Here is an extreme example. Suppose that the only two tracks in the whole world are Starship’s “We Built This City” and The Village People’s “YMCA”. Suppose that I listened to the first but not to the second. My vector would be (1,0). Now if you would have listened to “YMCA”, but not “We Built This City”, then your vector would be (0,1). These vectors point in opposite directions (ETA: see bottom page), hence the angle they are making is 180 degrees. Our listening histories are perfectly opposite: you listen to the stuff I never heard and vice versa.
To get an uncorrelated data set, we require a certain overlap in listening histories e.g. (1,1,0,0) and (1,0,1,0) where I have listened to one track you did as well, but also listened to a track you did not.
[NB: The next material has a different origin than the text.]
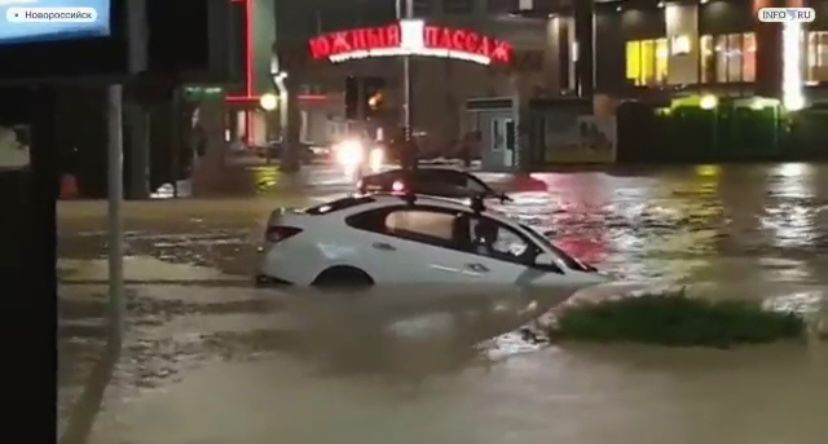 Воющие сирены, утонувшие машины: появилось видео последствий небывалого ливня в Новороссийске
These vectors are at a right angle, I believe.
Yes, sorta. It means that one user listens to the tracks that the other does not listen to, like in the extreme example above. Hence, a negative correlation would result from the situation where the majority of listens are not shared between two users. My gut feeling is that this would be extremely common if only tracks are included that at least one user has listened to. Conversely, if you include ALL tracks in the database in your analysis, then this should result in a huge number of shared points in the origin that neither user has listened to, forcing a positive correlation. ETA: Rubbish, scratch that.
Now, linear algebra is outside of my comfort zone and of course I do not know exactly what calculations you perform, so I could be wrong. But this is my understanding so far. Also, I am really wondering how many statistics nerds are lurking in this forum and whether they will weigh in .
ETA: or rather: the vectors of deviations from the mean run in opposite directions: (0.5, -0.5) and (-0.5, 0.5). Sorry for the mess.
From what I understand it isn’t about the direction of the vectors, but the angle between them and nothing else. But I am not an expert in these matters.
I’m certainly open for other interpretations of this – if you have a concrete method by which you suggest scaling/offsetting the resultant cosine value, please suggest it. If it isn’t complex, I’ll try to implement it and we’ll compare the results.